- _What you should do_:
Leave out the pictures and output exactly the lines below from the one with "with crossed arms" down to the one with "Vodice, Croatie - 8", both of them included.

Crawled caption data
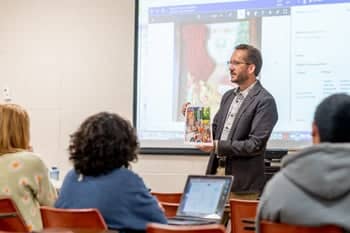 Mr. Greg Hewitt teaching in class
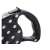 Close-up of the handle of a black and white polka dot retractable dog leash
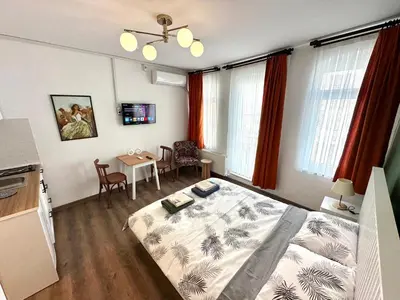 a bedroom with a bed and a table in it at Yellowhouse Room 6 in Istanbul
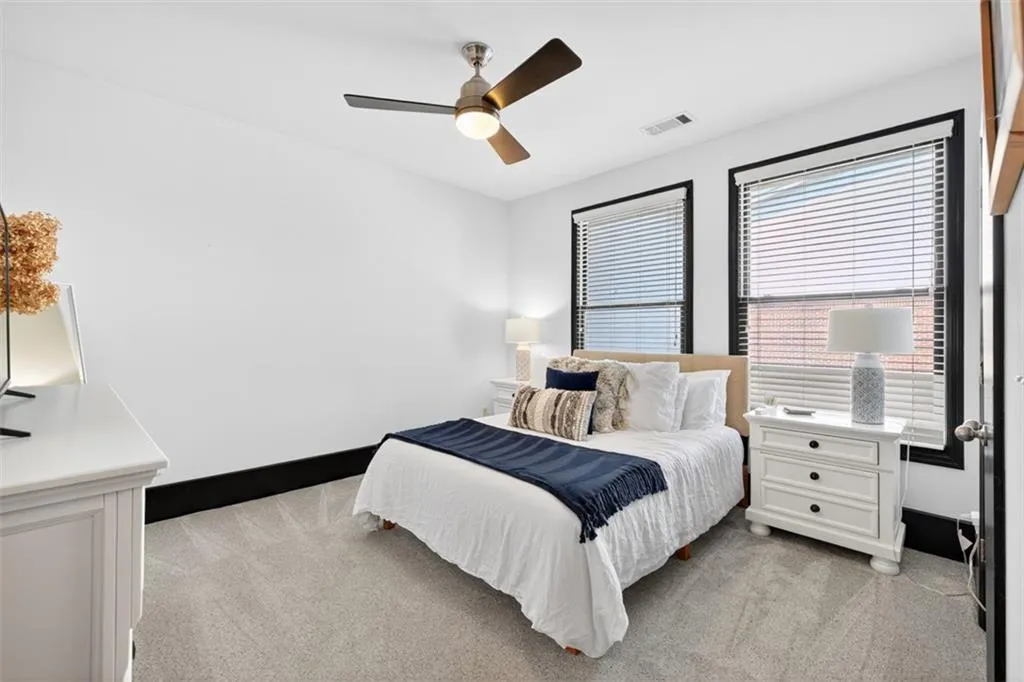 Bedroom featuring light carpet and ceiling fan
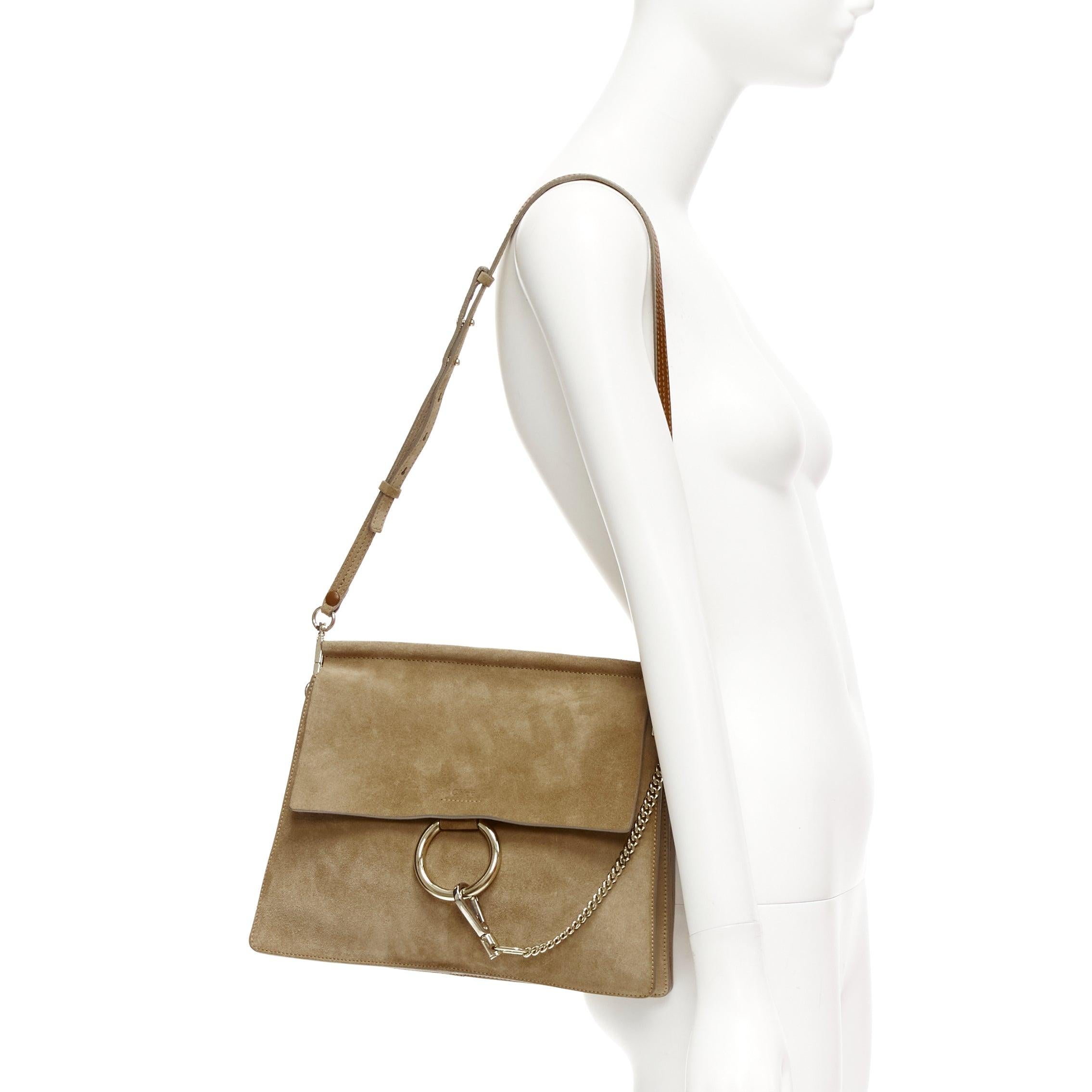 CHLOE Faye brown suede gold ring chain brown crossbody flap bag
Reference: NKLL/A00235
Brand: Chloe
Model: Faye
Material: Suede, Leather
Color: Brown
Pattern: Solid
Closure: Magnet
Lining: Brown Leather
Extra Details: Chloe Shoulder Bag. Neutrals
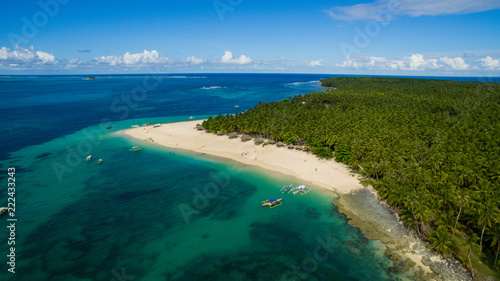 dako island pacific ocean palm trees sandy beach canoes surf drone aerial photography © Tim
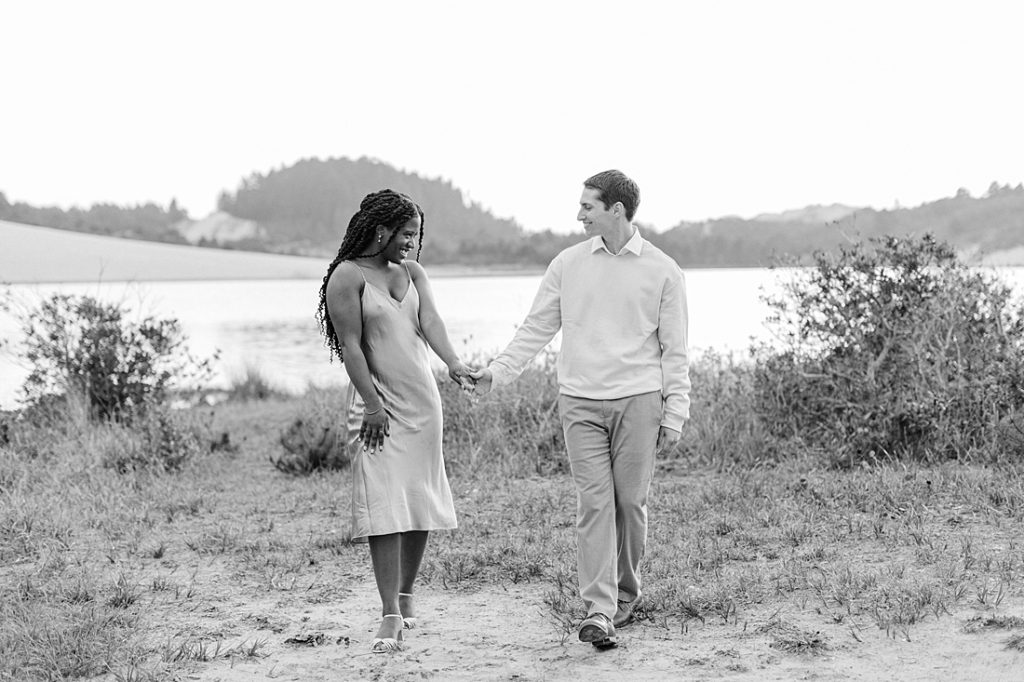 Oregon Engagement - Engaged couple smiling at each other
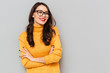 © Drobot Dean - Smiling brunette woman in sweater and eyeglasses with crossed arms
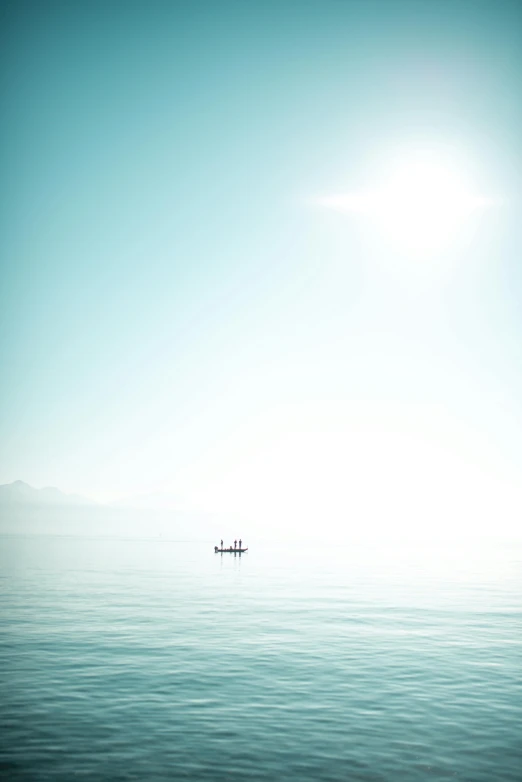 some small boats in the middle of a large body of water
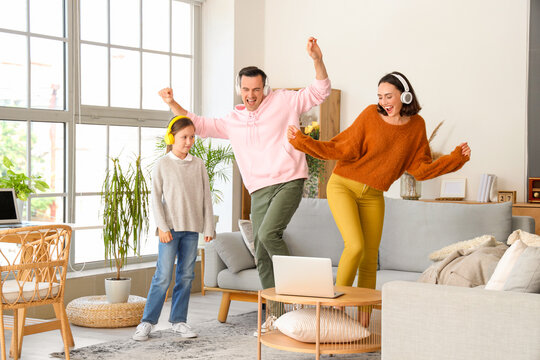 Happy family dancing in living room at home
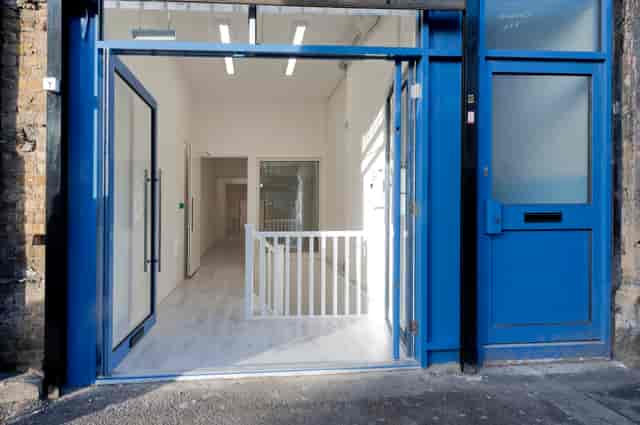 Spacious modern venue entrance with glass doors for corporate events and workshops.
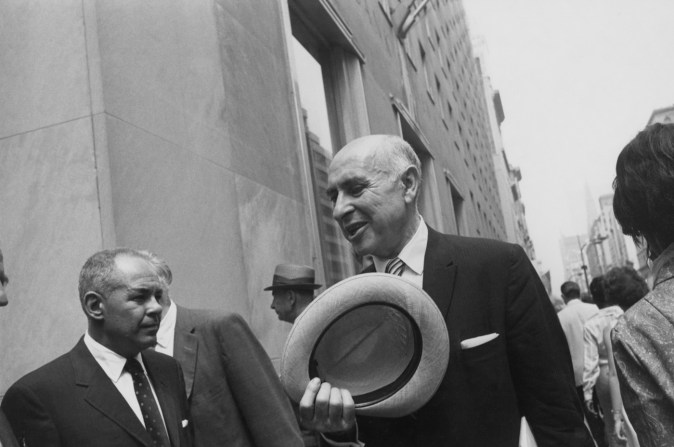 Black-and-white photograph of an older balding man in a suit holding a straw hat
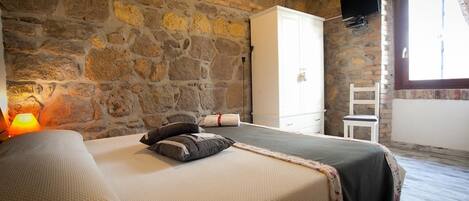 Un dormitorio con pared de piedra, una cama con manta y almohadas, un armario blanco, una silla y una ventana con cortinas.
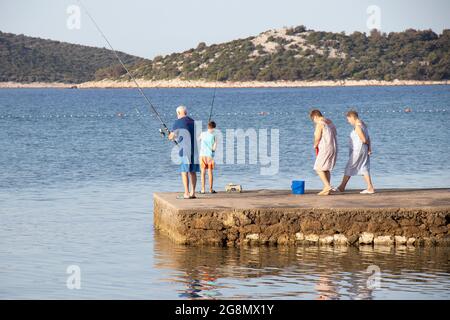 Vodice, Croatie - 8 juillet 2021 : homme âgé et jeune garçon pêchant sur une jetée tandis que les femmes âgées marchent Banque D'Images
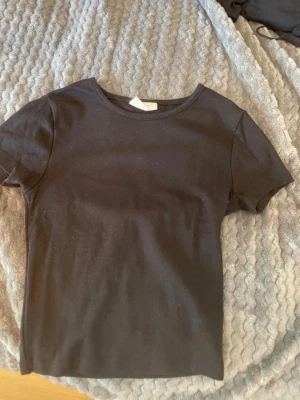Svart basic t-shirt Gina Tricot XS - En svart basic t-shirt från Gina Tricot i modellen basically basics. T-shirten har rund halsringning och korta ärmar. Tillverkad i mjuk bomull som är skön mot huden. Perfekt att matcha med jeans eller kjol för en enkel och clean look.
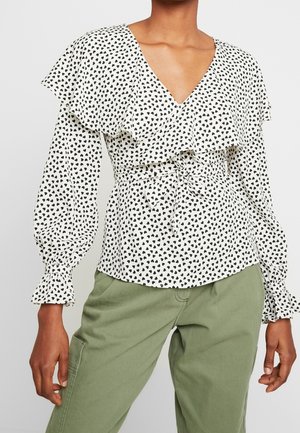 Witte blouse met zwarte hartprint, gerimpelde V-hals, lange pofmouwen met gerimpelde manchetten, taille gestrikt, gecombineerd met lichtgroene broek.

- _Answer to the exercise_:
 © Drobot Dean - Smiling brunette woman in sweater and eyeglasses with crossed arms
 some small boats in the middle of a large body of water
 Happy family dancing in living room at home
 Spacious modern venue entrance with glass doors for corporate events and workshops.
 Black-and-white photograph of an older balding man in a suit holding a straw hat
 Un dormitorio con pared de piedra, una cama con manta y almohadas, un armario blanco, una silla y una ventana con cortinas.
 Vodice, Croatie - 8 juillet 2021 : homme âgé et jeune garçon pêchant sur une jetée tandis que les femmes âgées marchent Banque D'Images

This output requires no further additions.